#### [Given information]
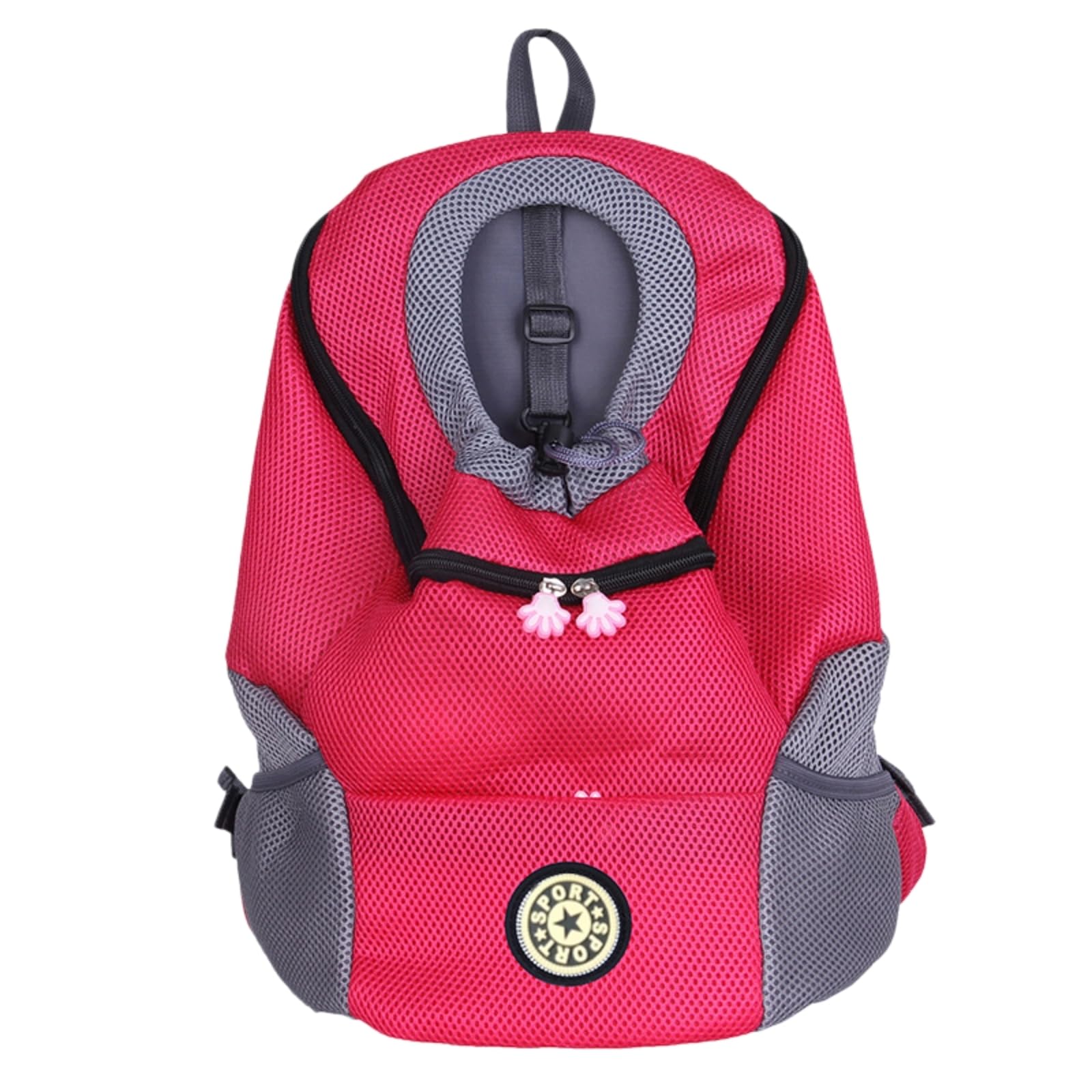 Veslyn Pet Travel Bag Ventilated Backpack Carrier For Cats & Small Dogs, Foldable Front With Secure Zipper Lock Outdoor Use-red-l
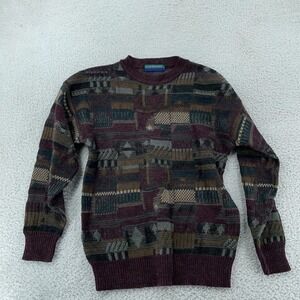 Claybrooke Sweater Mens Small Textured Knit Colorful Geometric Crewneck Pullover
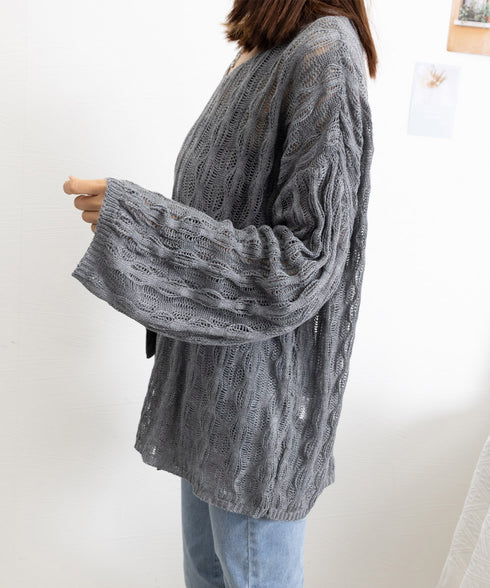 メッシュニット 透かし編みトップス 長袖 ニットトップス レディース シースループルオーバー ゆったり Vネックニットソー 重ね着 体型カバー シアーニット春夏秋 83WANGY-004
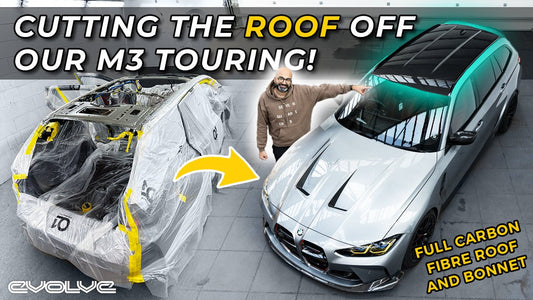 Cutting the roof off our 2023 G81 M3 Touring! Full Carbon Fiber Roof and Hood Install - Evolve Automotive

#### [Exercise prompt]
Transcribe exactly the lines from the one holding "Claybrooke Sweater Mens" through the final line of the material above, both ends included; any pictures should be dropped.

#### [Task response]
 Claybrooke Sweater Mens Small Textured Knit Colorful Geometric Crewneck Pullover
 メッシュニット 透かし編みトップス 長袖 ニットトップス レディース シースループルオーバー ゆったり Vネックニットソー 重ね着 体型カバー シアーニット春夏秋 83WANGY-004
 Cutting the roof off our 2023 G81 M3 Touring! Full Carbon Fiber Roof and Hood Install - Evolve Automotive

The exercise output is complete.